Atomic writes without tears
Atomic writes without tears
Posted Jan 21, 2025 21:33 UTC (Tue) by zblaxell (subscriber, #26385)In reply to: Atomic writes without tears by alkbyby
Parent article: Atomic writes without tears
If you only want the filesystem to get out of the way of writing directly to your block device, yes. But you are missing some things.
The average cost isn't necessarily the worst case cost. The checksum blocks can be amortized across multiple data blocks, if the application follows the pattern "it does multiple buffered writes, then calls fdatasync() to make that data persistent and to detect if there are any problems." Efficiency depends on the amount of data batched up before fdatasync. There's no rule that says the metadata write has to go to the same device as the data write in a cow filesystem, which may affect the cost analysis (i.e. even in the one-data-one-metadata-block-write case, one of the writes may be much cheaper than the other).
API-level compatibility is sometimes more important than the performance. Do we want to force application developers to implement two backends for cow- and non-cow filesystems, by failing in cases where there is no direct hardware support? Or do we prefer a model like "use a thin filesystem if the hardware supports atomic writes, or use a cow filesystem if not", and keep only the backend that uses atomic writes? If there's already an ioctl associated with this, it seems we could have one that says what we can expect from the backend (no support, emulated software support, full hardware support, or "one or more of the lower block layers does not implement this ioctl"). I don't expect PostgreSQL to drop non-atomic-write backends any time soon, but new projects might not bother supporting the old ways if some other part of the system will do the work for them.

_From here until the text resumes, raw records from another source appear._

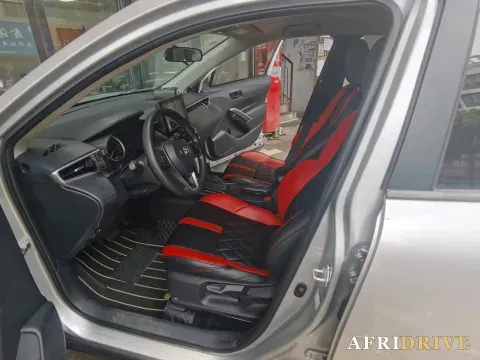 2023 Toyota Frontlander 4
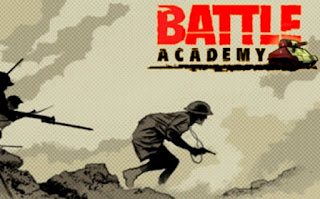 Battle Academy PC Games Strategy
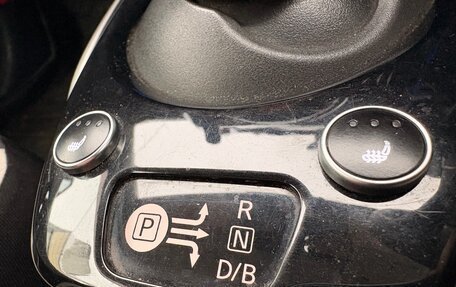 Nissan Note II рестайлинг, 2018 год, 1 350 000 рублей, 11 фотография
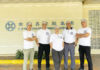 KTC Consolidated Berhad lupus produk roti bernilai RM300,000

Administrator controls are sometimes more important than performance. e.g. if we bought all the good hardware we can, and we still need to buy more, we can end up with some terrible storage devices. The sysadmin might force all applications to run on a cow filesystem with checksums so that device failures (particularly unreported data corruption) can be detected. That covers "data integrity is more important than performance" too.

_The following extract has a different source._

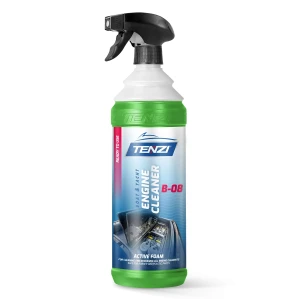TENZI Boat Engine Cleaner 1L preparat do czyszczenia silników formuła aktywnej piany na łodziach i jachtach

Filesystems that have checksums can verify writes long after the fact, and cow filesystems can do write ordering cheaply. In some use cases that makes the fdatasync unnecessary (most of the same cases where async commit would be acceptable in the database). We'd still want to make sure the some obscure part of the kernel doesn't try to merge writes in a way that ends up tearing or reordering them before they get to the filesystem.